## [Work to be completed]
All that is needed is an exact repetition of the lines from the one containing "Marc O Polo Damen Pullover, flieder, Gr. 36" through the final line of the material, without pictures.

## [Source information]
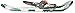 Tubbs Snowshoes Women's Xplore Snowshoe Kit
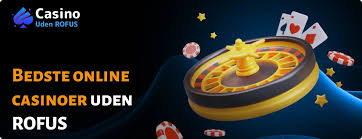 Casino Sider Uden MitID Din Guide til Anonyme Spilmuligheder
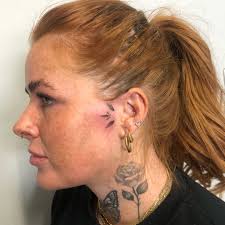 Joel Denaro Tattoo Artist...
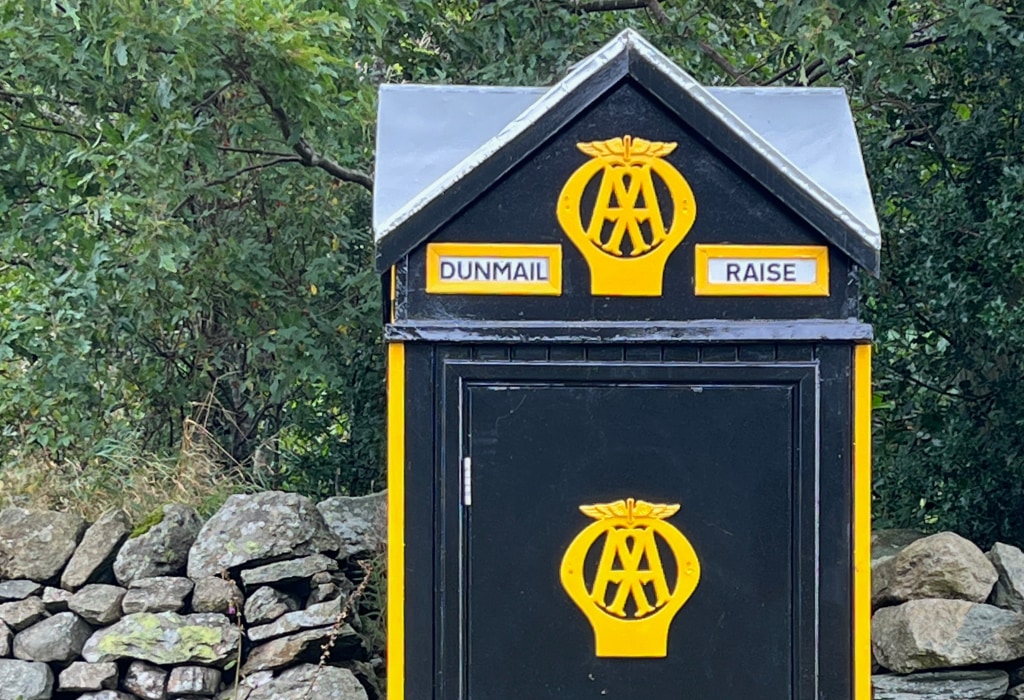 15 June: A Thursday Door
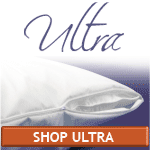 Allergy Armor Ultra Pillow Covers
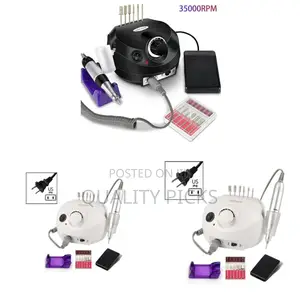 Brand Nail Electric Drill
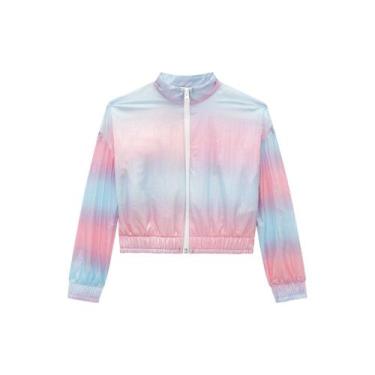 Imagem de Jaqueta Boxy Infantil Infanti 51108, 6
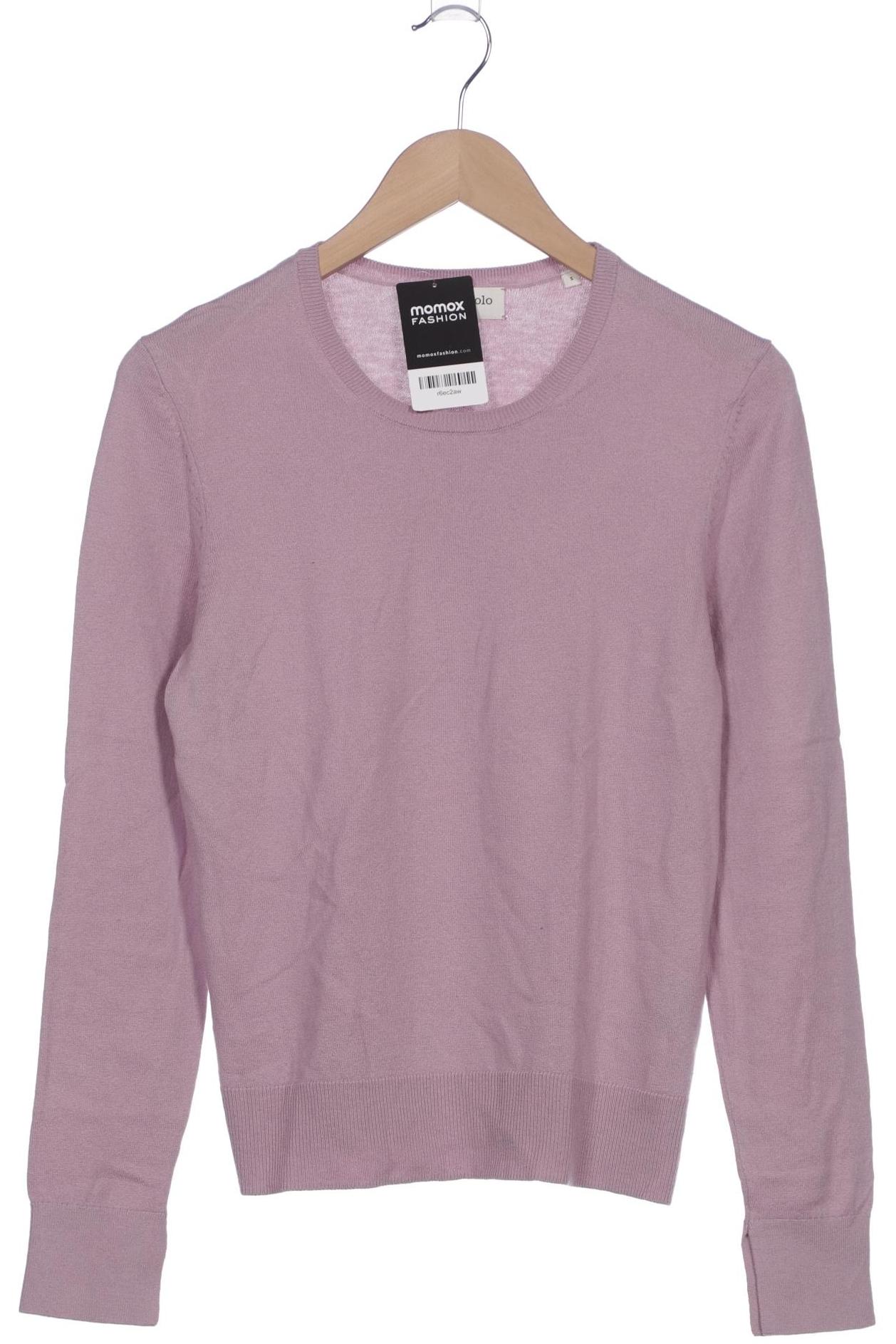 

Marc O Polo Damen Pullover, flieder, Gr. 36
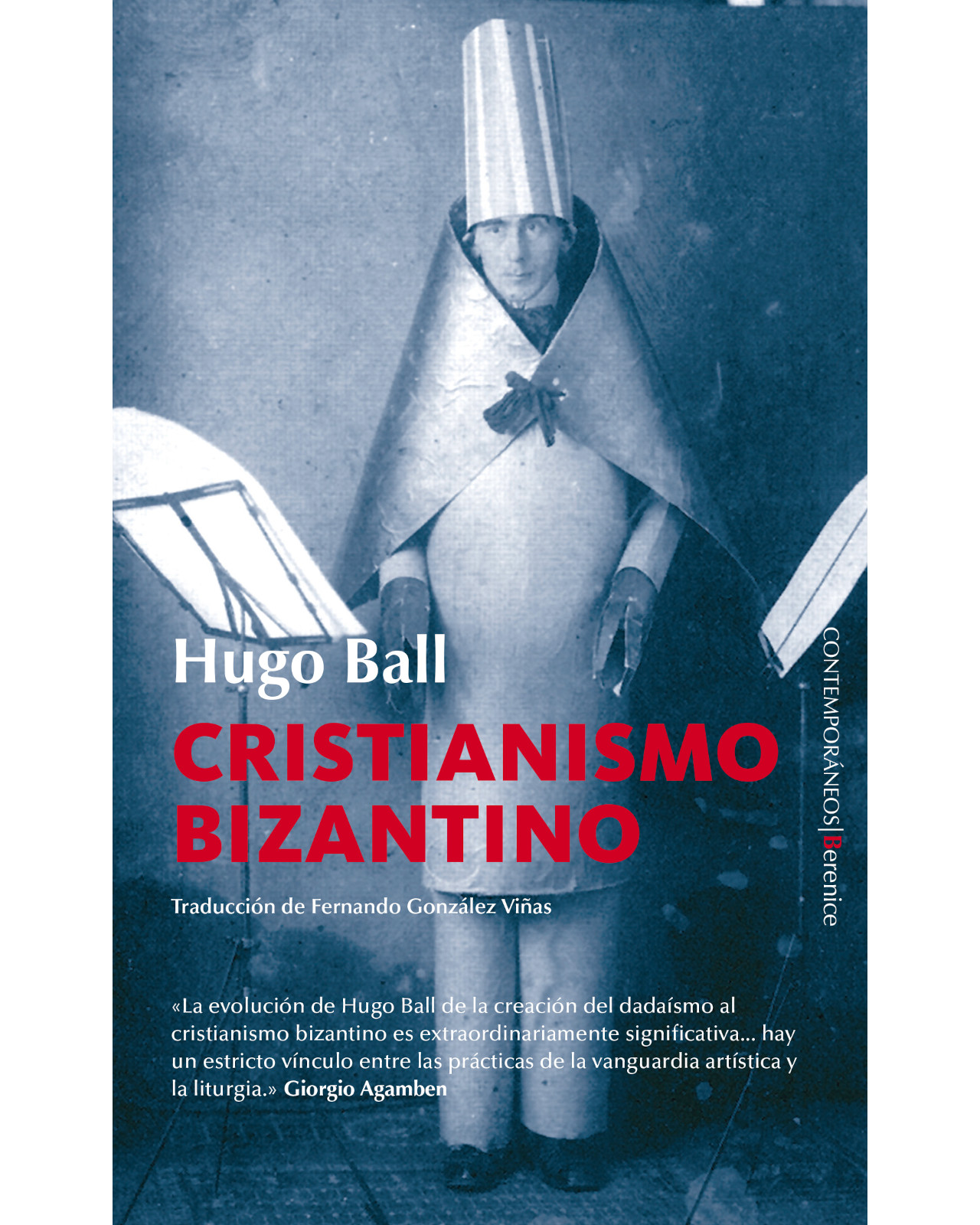 Libro '' Cristianismo Bizantino''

## [Solution to this problem]
Marc O Polo Damen Pullover, flieder, Gr. 36
 Libro '' Cristianismo Bizantino''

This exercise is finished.